ABOUT THIS TASK> Nothing in the listing should be altered when it is copied, and no picture goes into the copy.

—————

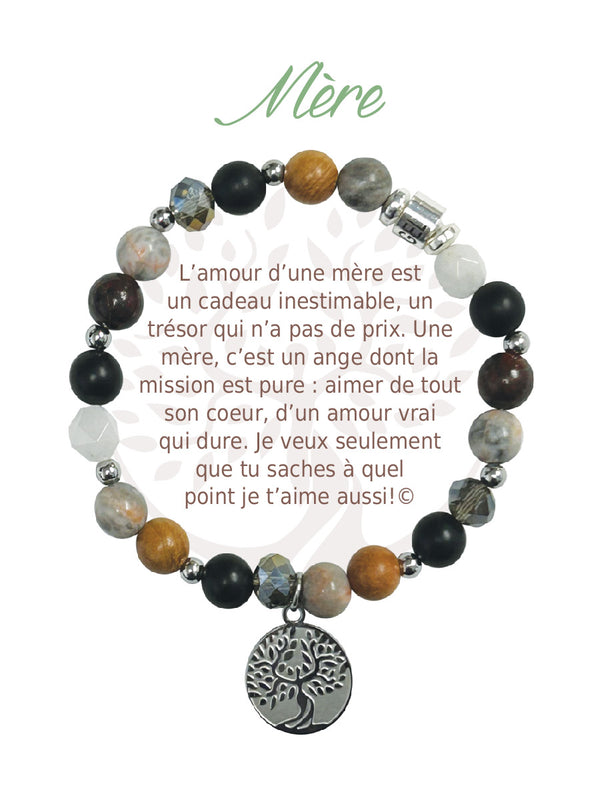 Bracelet Earth Angel Argent Foncé : Mère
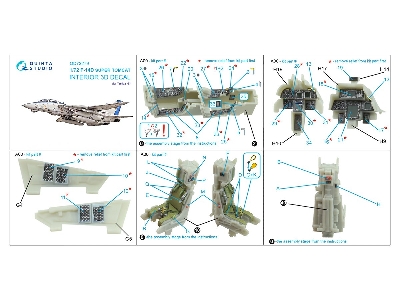Grumman F-14 D Super Tomcat - 3d-printed & Coloured Interior (For Tamiya Kits) - image 11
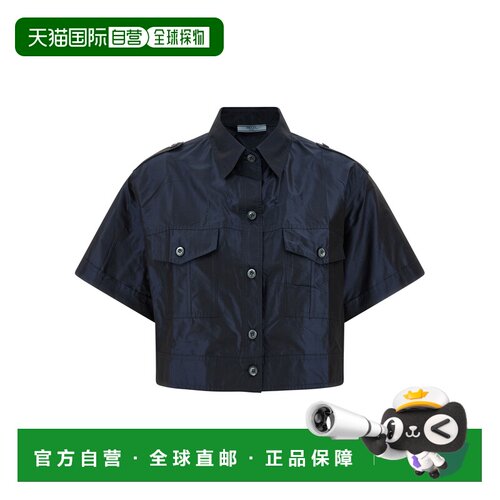PRADA 女士衬衫 P497ICSOOO120MF0008 SS2026 蓝色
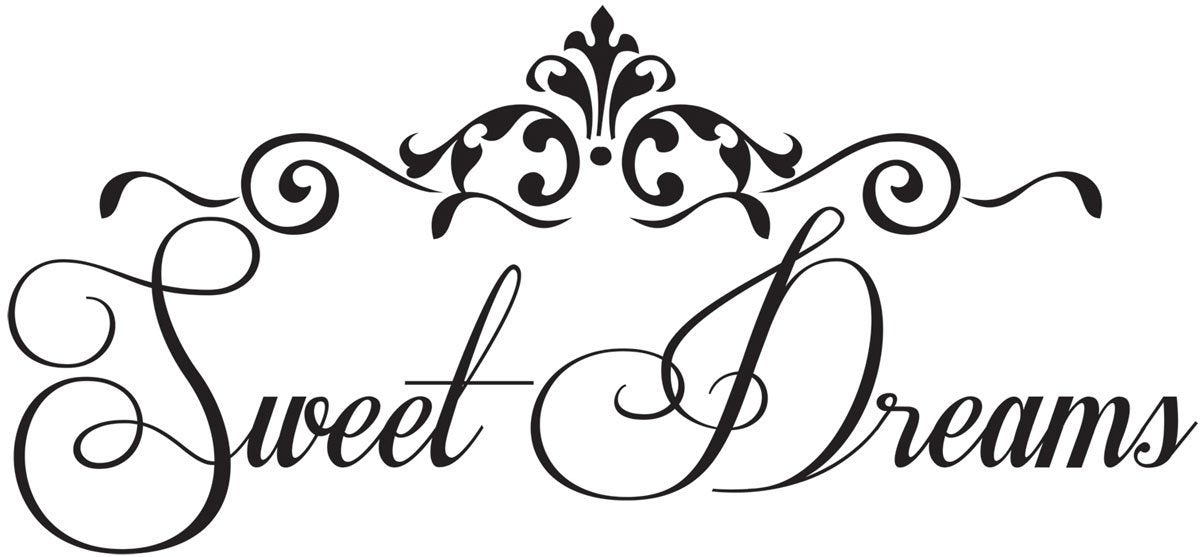 Sweet Dreams Vinyl Wall Quote Decal | 28'' X 13'' Bedroom, Nursery, Or Living Room Wall Sticker | Inspirational Home D  Cor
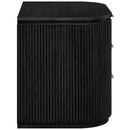  Color_Black -- Meridian Astrid 3 Drawer Nightstand IMAGE 4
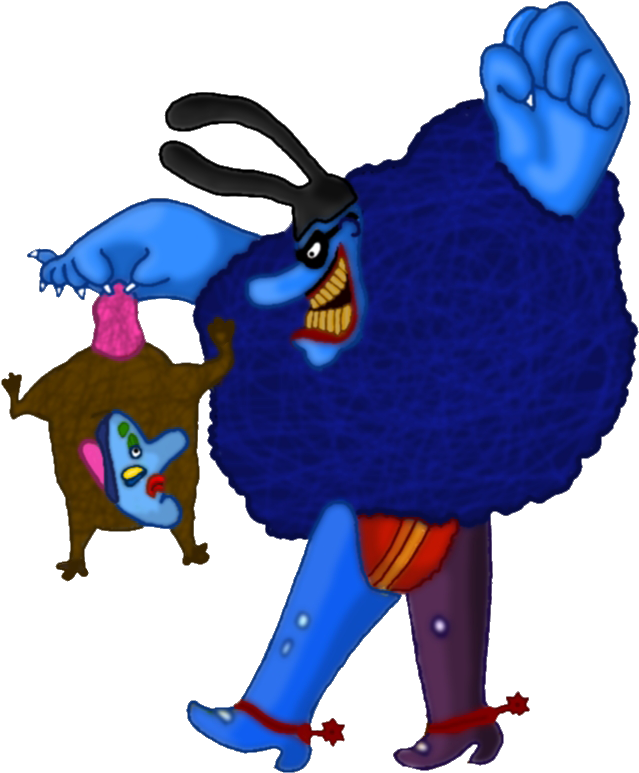 Ssrêñ† Lå Ssêê 🔮 - Big Blue Meanie (759x861)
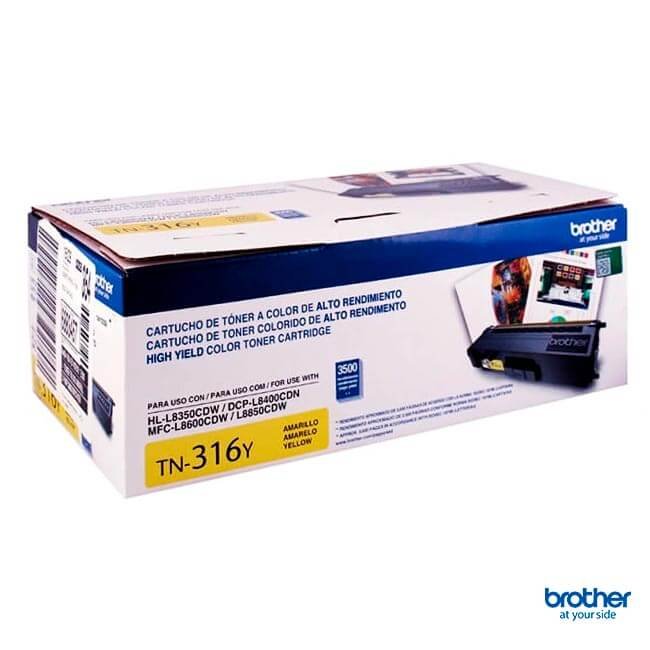 Tóner Brother TN-316Y original Yellow Toner Brother TN-316Y Yellow Al Mejor Precio Original - Imagen 1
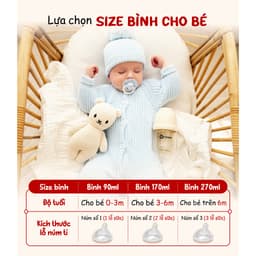 Núm Ti Thay Thế Bình Sữa Ombee Chất Liệu Silicone Mềm Mại Mô Phỏng Tự Nhiên Bắt Chuẩn Khớp Ngậm 6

—————

RESPONSE TO THIS TASK>
 Bracelet Earth Angel Argent Foncé : Mère
Grumman F-14 D Super Tomcat - 3d-printed & Coloured Interior (For Tamiya Kits) - image 11
PRADA 女士衬衫 P497ICSOOO120MF0008 SS2026 蓝色
 Sweet Dreams Vinyl Wall Quote Decal | 28'' X 13'' Bedroom, Nursery, Or Living Room Wall Sticker | Inspirational Home D  Cor
  Color_Black -- Meridian Astrid 3 Drawer Nightstand IMAGE 4
 Ssrêñ† Lå Ssêê 🔮 - Big Blue Meanie (759x861)
 Tóner Brother TN-316Y original Yellow Toner Brother TN-316Y Yellow Al Mejor Precio Original - Imagen 1
 Núm Ti Thay Thế Bình Sữa Ombee Chất Liệu Silicone Mềm Mại Mô Phỏng Tự Nhiên Bắt Chuẩn Khớp Ngậm 6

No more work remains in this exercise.